**INFORMATION SHOWN:**
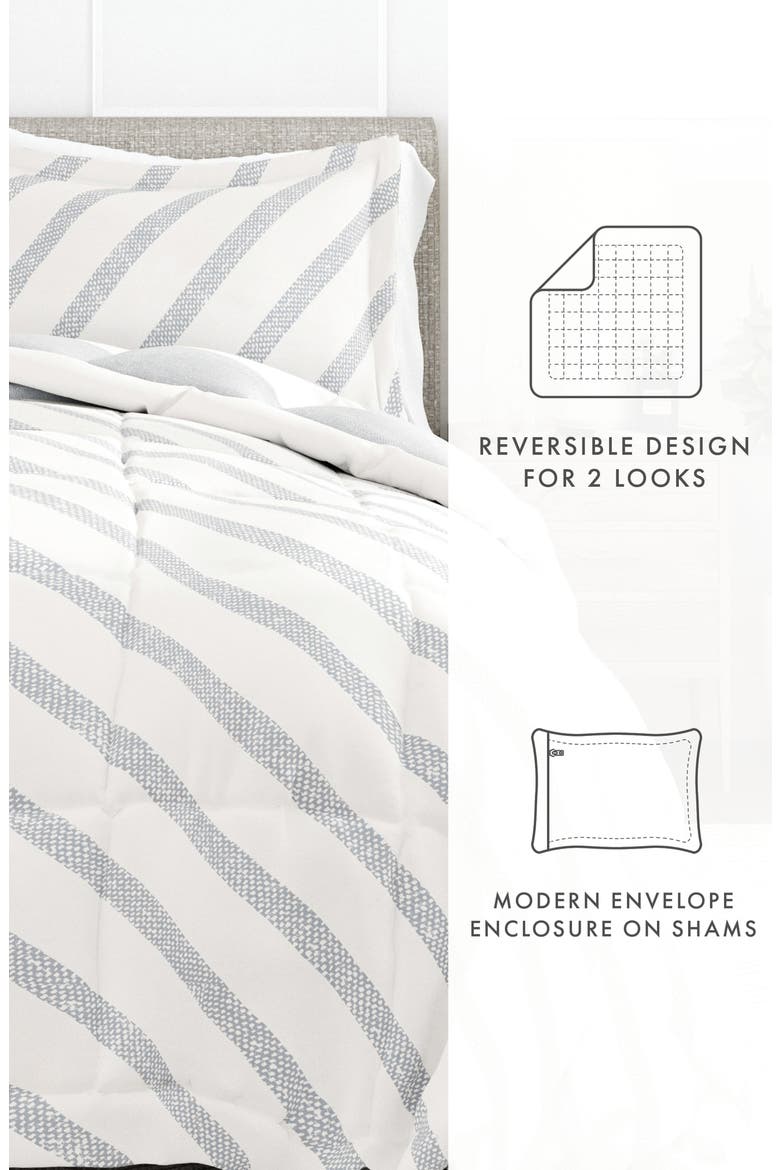 Premium Down Alternative Distressed Stripe Reversible Comforter Set, Alternate, color, LIGHT BLUE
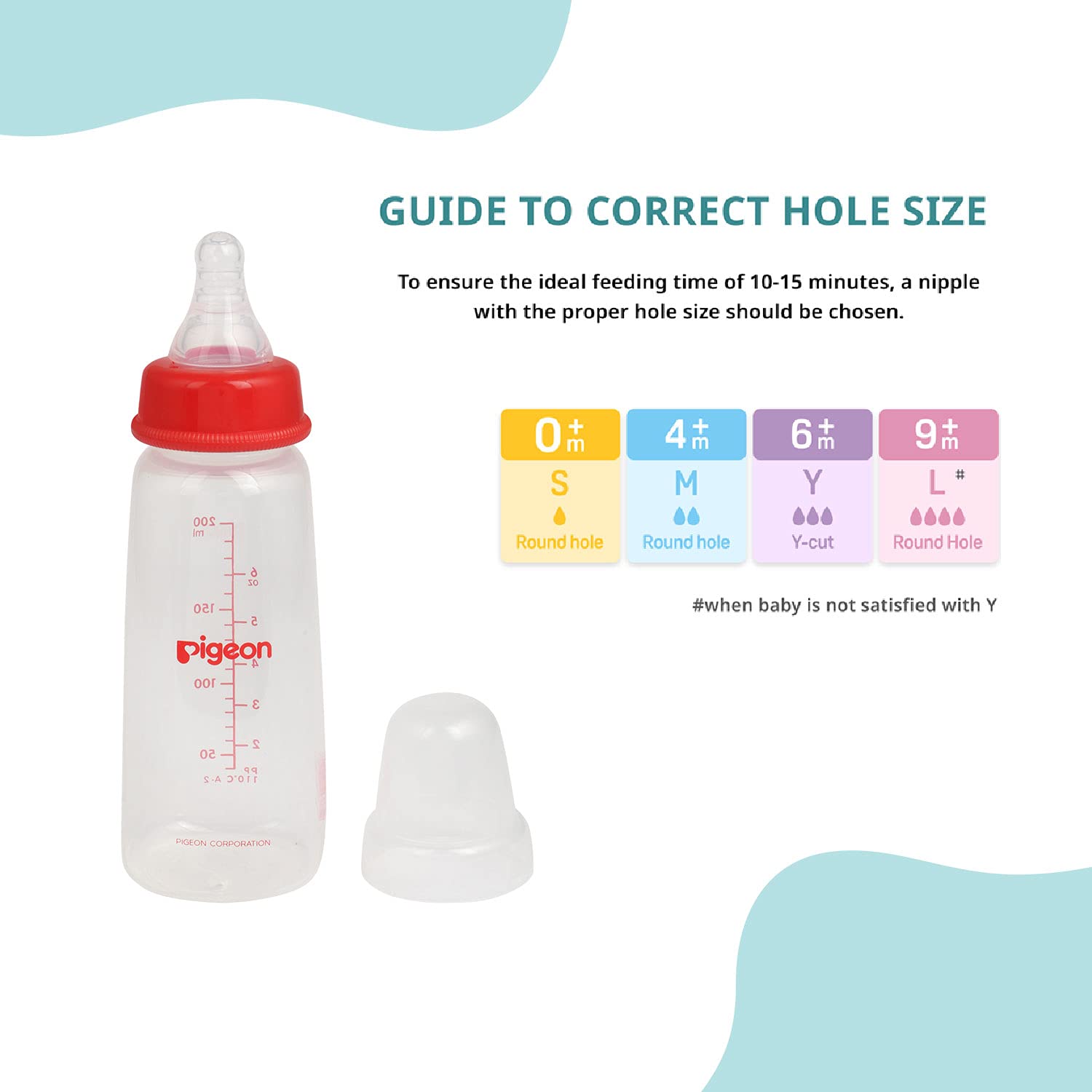 Pigeon Baby Feeding Bottle with Narrow Neck, 4+month - 200ml, Red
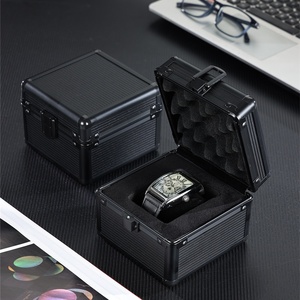 Caja de <span class=keywords><strong>Relojes</strong></span> de Aluminio Negra Personalizada para Mujer y <span class=keywords><strong>Hombre</strong></span>, con 1, 3, 5, 10 o 12 Ranuras, con Almohadillas de Terciopelo - Product Image 1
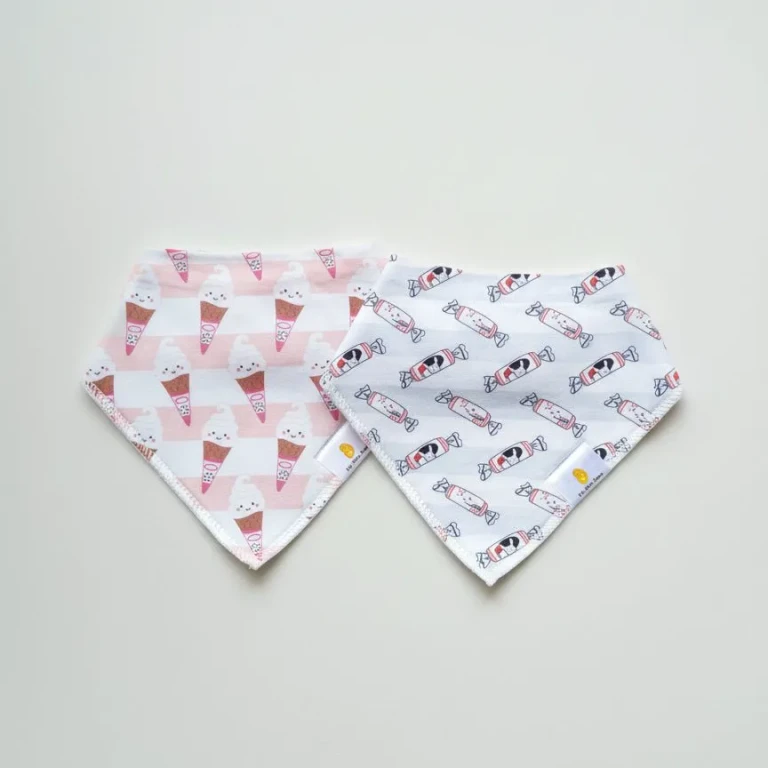 Organic Cotton Bandana Bibs 2pcs Set - Bunny Candy + Ice Cream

**ASSIGNMENT:**
Word for word, please, restate the lines of the listing from the one holding "Pigeon Baby Feeding" down to the last line, leaving out any pictures.

**EXERCISE ANSWER:**
 Pigeon Baby Feeding Bottle with Narrow Neck, 4+month - 200ml, Red
 Caja de <span class=keywords><strong>Relojes</strong></span> de Aluminio Negra Personalizada para Mujer y <span class=keywords><strong>Hombre</strong></span>, con 1, 3, 5, 10 o 12 Ranuras, con Almohadillas de Terciopelo - Product Image 1
 Organic Cotton Bandana Bibs 2pcs Set - Bunny Candy + Ice Cream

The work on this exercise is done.